§ What to work on:
Pull out of the data below the stretch of lines bounded by the one containing "Penzion K Rudnik Bagian luar foto" and the one containing "PremieraRTR-780TX Black", both bounds included, unchanged.

§ Information supplied:
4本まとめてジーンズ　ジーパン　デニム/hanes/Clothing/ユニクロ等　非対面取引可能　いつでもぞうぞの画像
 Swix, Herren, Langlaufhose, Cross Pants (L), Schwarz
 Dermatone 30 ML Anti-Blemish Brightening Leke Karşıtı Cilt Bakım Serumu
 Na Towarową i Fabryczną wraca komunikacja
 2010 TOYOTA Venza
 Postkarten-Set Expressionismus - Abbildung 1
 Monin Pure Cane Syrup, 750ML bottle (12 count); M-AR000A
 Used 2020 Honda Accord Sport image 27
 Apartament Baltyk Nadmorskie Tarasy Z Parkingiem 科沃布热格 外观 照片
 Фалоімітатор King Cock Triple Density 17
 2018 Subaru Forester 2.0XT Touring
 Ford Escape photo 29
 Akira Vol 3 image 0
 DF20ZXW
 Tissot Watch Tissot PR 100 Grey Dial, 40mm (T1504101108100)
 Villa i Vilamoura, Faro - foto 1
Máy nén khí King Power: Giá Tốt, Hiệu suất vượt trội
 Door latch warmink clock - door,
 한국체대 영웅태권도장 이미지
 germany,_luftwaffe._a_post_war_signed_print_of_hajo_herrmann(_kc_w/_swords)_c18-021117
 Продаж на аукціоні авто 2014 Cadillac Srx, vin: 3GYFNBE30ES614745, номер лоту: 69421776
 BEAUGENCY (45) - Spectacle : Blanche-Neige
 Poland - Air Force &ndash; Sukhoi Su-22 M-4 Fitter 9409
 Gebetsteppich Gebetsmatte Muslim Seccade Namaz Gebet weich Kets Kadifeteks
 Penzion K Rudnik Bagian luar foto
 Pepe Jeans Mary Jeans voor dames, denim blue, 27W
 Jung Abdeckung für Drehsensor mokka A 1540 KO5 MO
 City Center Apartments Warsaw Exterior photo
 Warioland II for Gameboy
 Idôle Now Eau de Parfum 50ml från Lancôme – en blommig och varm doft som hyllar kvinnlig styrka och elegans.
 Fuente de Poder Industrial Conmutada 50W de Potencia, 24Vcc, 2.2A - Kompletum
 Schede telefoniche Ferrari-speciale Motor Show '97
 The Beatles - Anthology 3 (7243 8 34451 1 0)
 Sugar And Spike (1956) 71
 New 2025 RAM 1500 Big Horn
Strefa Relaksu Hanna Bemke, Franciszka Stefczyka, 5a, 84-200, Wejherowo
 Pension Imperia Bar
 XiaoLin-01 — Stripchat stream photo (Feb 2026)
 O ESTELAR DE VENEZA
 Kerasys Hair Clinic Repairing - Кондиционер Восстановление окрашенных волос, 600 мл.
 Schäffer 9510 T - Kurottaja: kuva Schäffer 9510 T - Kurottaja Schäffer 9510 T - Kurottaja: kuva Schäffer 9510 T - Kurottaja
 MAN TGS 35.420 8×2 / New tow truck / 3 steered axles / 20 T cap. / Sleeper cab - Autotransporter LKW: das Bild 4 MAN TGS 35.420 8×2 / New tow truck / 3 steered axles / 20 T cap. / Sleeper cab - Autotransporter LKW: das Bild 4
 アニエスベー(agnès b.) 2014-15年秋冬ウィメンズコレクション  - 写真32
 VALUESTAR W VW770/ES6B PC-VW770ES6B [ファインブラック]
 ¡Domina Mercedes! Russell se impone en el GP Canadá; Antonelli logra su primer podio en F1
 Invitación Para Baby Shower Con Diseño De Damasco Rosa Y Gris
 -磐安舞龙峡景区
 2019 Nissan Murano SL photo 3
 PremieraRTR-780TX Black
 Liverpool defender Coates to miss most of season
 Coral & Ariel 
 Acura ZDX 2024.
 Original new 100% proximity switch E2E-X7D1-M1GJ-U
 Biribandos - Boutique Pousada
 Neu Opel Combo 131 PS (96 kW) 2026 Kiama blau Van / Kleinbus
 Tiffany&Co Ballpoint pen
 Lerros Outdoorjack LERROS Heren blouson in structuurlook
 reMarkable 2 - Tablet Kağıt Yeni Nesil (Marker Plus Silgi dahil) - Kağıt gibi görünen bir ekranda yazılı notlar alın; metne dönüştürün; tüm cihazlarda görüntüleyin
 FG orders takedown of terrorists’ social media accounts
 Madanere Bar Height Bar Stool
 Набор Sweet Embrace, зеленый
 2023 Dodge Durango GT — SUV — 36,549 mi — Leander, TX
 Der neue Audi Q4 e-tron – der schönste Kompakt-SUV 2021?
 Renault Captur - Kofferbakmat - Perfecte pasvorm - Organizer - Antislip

§ Solution for this exercise:
 Penzion K Rudnik Bagian luar foto
 Pepe Jeans Mary Jeans voor dames, denim blue, 27W
 Jung Abdeckung für Drehsensor mokka A 1540 KO5 MO
 City Center Apartments Warsaw Exterior photo
 Warioland II for Gameboy
 Idôle Now Eau de Parfum 50ml från Lancôme – en blommig och varm doft som hyllar kvinnlig styrka och elegans.
 Fuente de Poder Industrial Conmutada 50W de Potencia, 24Vcc, 2.2A - Kompletum
 Schede telefoniche Ferrari-speciale Motor Show '97
 The Beatles - Anthology 3 (7243 8 34451 1 0)
 Sugar And Spike (1956) 71
 New 2025 RAM 1500 Big Horn
Strefa Relaksu Hanna Bemke, Franciszka Stefczyka, 5a, 84-200, Wejherowo
 Pension Imperia Bar
 XiaoLin-01 — Stripchat stream photo (Feb 2026)
 O ESTELAR DE VENEZA
 Kerasys Hair Clinic Repairing - Кондиционер Восстановление окрашенных волос, 600 мл.
 Schäffer 9510 T - Kurottaja: kuva Schäffer 9510 T - Kurottaja Schäffer 9510 T - Kurottaja: kuva Schäffer 9510 T - Kurottaja
 MAN TGS 35.420 8×2 / New tow truck / 3 steered axles / 20 T cap. / Sleeper cab - Autotransporter LKW: das Bild 4 MAN TGS 35.420 8×2 / New tow truck / 3 steered axles / 20 T cap. / Sleeper cab - Autotransporter LKW: das Bild 4
 アニエスベー(agnès b.) 2014-15年秋冬ウィメンズコレクション  - 写真32
 VALUESTAR W VW770/ES6B PC-VW770ES6B [ファインブラック]
 ¡Domina Mercedes! Russell se impone en el GP Canadá; Antonelli logra su primer podio en F1
 Invitación Para Baby Shower Con Diseño De Damasco Rosa Y Gris
 -磐安舞龙峡景区
 2019 Nissan Murano SL photo 3
 PremieraRTR-780TX Black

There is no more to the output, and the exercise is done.